Making Recommendations in Real Time


Making recommendations based on an user’s current behavior in a small time window is a powerful feature that has been added to sifarish recently. In this post I will go over the details of this feature. The real time feature has been added for social collaborative filtering based recommendations.

In our solution, although Storm is used for processing real time user engagement event stream to find recommended items, Hadoop does lot of heavy lifting by computing the item correlation matrix from historical  user engagement event  data.  Redis has been used as glue to connect various Big Data sub systems.

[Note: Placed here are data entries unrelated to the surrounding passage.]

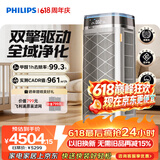 飞利浦（PHILIPS）空气净化器价保618除甲醛烟味新房专业室内家用孕妇婴儿双风机杀菌净化机除螨尘花粉过敏原AC9008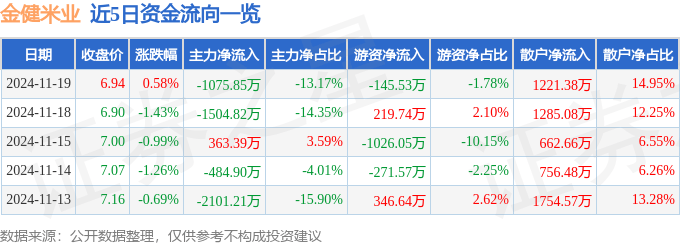 股票行情快报：金健米业（600127）11月19日主力资金净卖出1075.85万元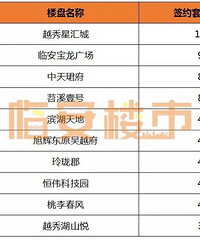 [����]�ɽ�12743�ף�18���ٰ����Ӿ�Ȼ���û�������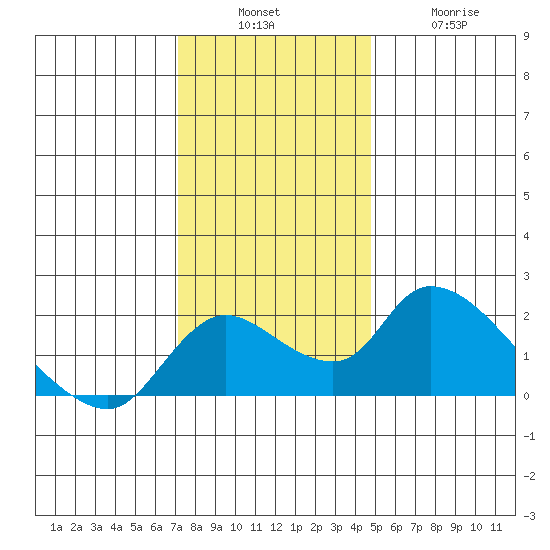 Snodgrass Slough tide chart for Sunday, December 7, 2025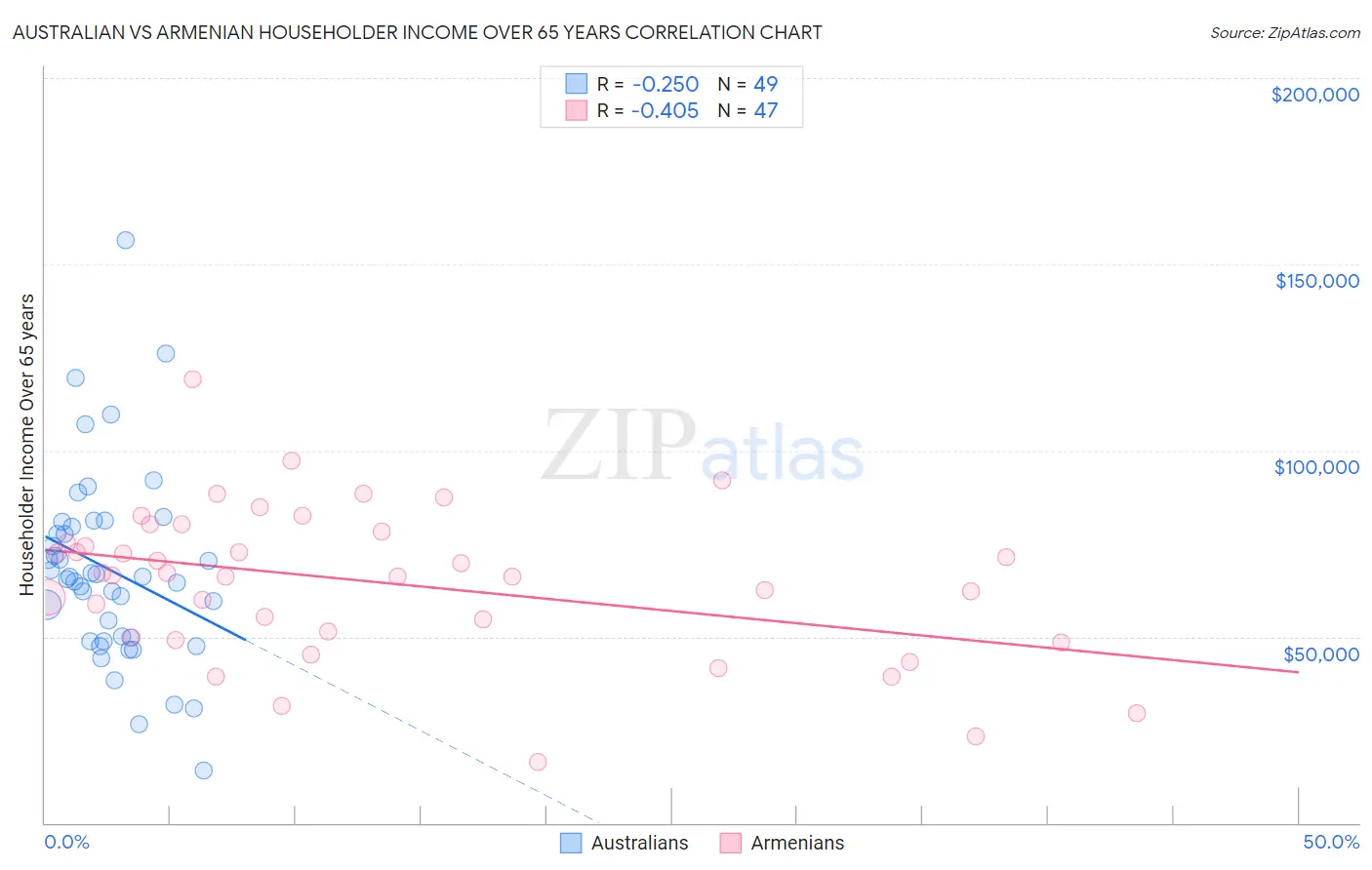 Australian vs Armenian Householder Income Over 65 years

Hadoop Batch Processing for  Item Correlation Matrix

Since the focus of this post is real time processing, I won’t be providing lot of details regarding the Hadoop jobs used to compute the item correlation matrix. Such details are available from my earlier posts. We start with user engagement event stream data which consists of of the following fields

  1. userID
  2. sessionID
  3. itemID
  4. eventType

Some pre-processing is necessary on raw click stream data to generate  this kind event stream data. More details on estimating rating from events are available in my earlier post. This input is fed into a sequence of  Hadoop Map reduce jobs to get the final output as an item correlation matrix. The details of this Map Reduce workflow is as below

Input Map Reduce Output
User engagement event ImplicitRatingEstimator which converts event stream to implicit rating Estimated rating as (userID,itemID,rating,timestamp)
Input from previous job CompactRatingFormatter which converts estimated rating to a more compact form Rating data with one line per item, consisting of itemID followed by a list of (userID,rating) pairs
Input from previous job ItemDynamicAttributeSimilarity which calculates items correlation Item correlation as (itemID1,itemID2,correlation,corrIntersectLength)
Input from previous job CorrelationMatrixBuilder which transforms correlation data to a matrix form Item correlation as items ID followed by a list of (itemID,rating) pairs

Details about ImplicitRatingEstimator  and ItemDynamicAttributeSimilarity Map reduce jobs can be found in my earlier  posts. If pearson correlation is to be used instead of cosine or jaccard, then the PearsonCorrelator Map Reduce should be used, instead of ItemDynamicAttributeSimilarity.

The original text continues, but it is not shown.